In a memorandum opinion issued on July 31, 2013, the district court agreed with the Merchants, holding that the Board “completely misunderstood” the intent of Congress in the Board’s implementation of the interchange-fee limitation and network exclusivity prohibition through Regulation II.7 In today’s opinion, the court of appeals disagreed with the district court on both counts. “Applying traditional tools of statutory interpretation,” the appellate court wrote, “we hold that the Board’s rules generally rest on reasonable constructions of the statute[.]”8
The court devoted the majority of its opinion to Regulation II’s treatment of incremental ACS costs. In contrast to the district court, the court of appeals found that the Board acted reasonably in determining that the Durbin Amendment permitted the Board to consider certain fixed costs in establishing a reasonable and proportional interchange-fee limitation. With respect to three of the four specific categories of fixed costs that the Board included in setting the interchange fee limitation (“fixed” ACS costs, network processing fees and fraud losses), the court of appeals found that the Board had clearly demonstrated that it acted reasonably in including such costs.9
With respect to the fourth cost category (transactions-monitoring costs), the court of appeals found that the Board could have reasonably determined that it was permitted to consider such costs as costs “specific to a particular...transaction,”10 but that the Board had failed to “cogently explain” its decision to do so.11 Consequently, the court of appeals remanded this issue to the Board in order to permit the Board to provide a legally adequate explanation for its decision to include transaction monitoring costs (which account for 1.2 cents of the 21-cent fixed component of the interchange fee limitation established by the Board under Regulation II).12 Finding that the Board might be able “readily to cure [this] defect in its explanation of [its] decision”and that vacatur would have a significant disruptive effect on the marketplace, the court of appeals permitted Regulation II to remain in full effect during the Board’s proceedings to address the deficiency.13
The court of appeals opinion allots only five of its 38 pages to the Merchants’ challenge to Regulation II’s formulation of the prohibition on network exclusivity. At the outset, the court stated that the Merchants “have a steep hill to climb” in supporting their arguments, stating that the Board’s rule “seems to comply perfectly with Congress’s command.”14 The court of appeals found that the issues raised by the Merchants as evidence of the inadequacy of the network exclusivity prohibition were not the result of actions taken by networks or issuers: “merchants, not issuers or networks, limit their own options when they refuse to accept PIN debit, and cardholders, not issuers or networks, limit [M]erchants’options when given the ability to choose how to process transactions.”15 As a result, the court wrote,“far from summiting the steep hill, the [M]erchants have barely left basecamp.”16 Finding the Board’s interpretation of the Durbin Amendment’s prohibition on network exclusivity to be reasonable, the court of appeals fully upheld Regulation II’s treatment of the network exclusivity prohibition.

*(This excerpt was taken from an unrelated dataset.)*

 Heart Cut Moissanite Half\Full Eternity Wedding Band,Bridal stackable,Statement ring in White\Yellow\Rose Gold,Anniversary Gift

The Merchants may petition the court of appeals to rehear the case en banc, or may seek appeal to the U.S. Supreme Court. The Board may also seek appeal or en banc rehearing of the circuit court’s remand regarding transactions-monitoring costs. Rehearing en banc by the court of appeals and Supreme Court appeal, however, are not as of right, and any such petition or request for appeal by either party may be denied. As of today, neither the Merchants nor the Board have stated whether they plan to seek rehearing or to pursue further appeal.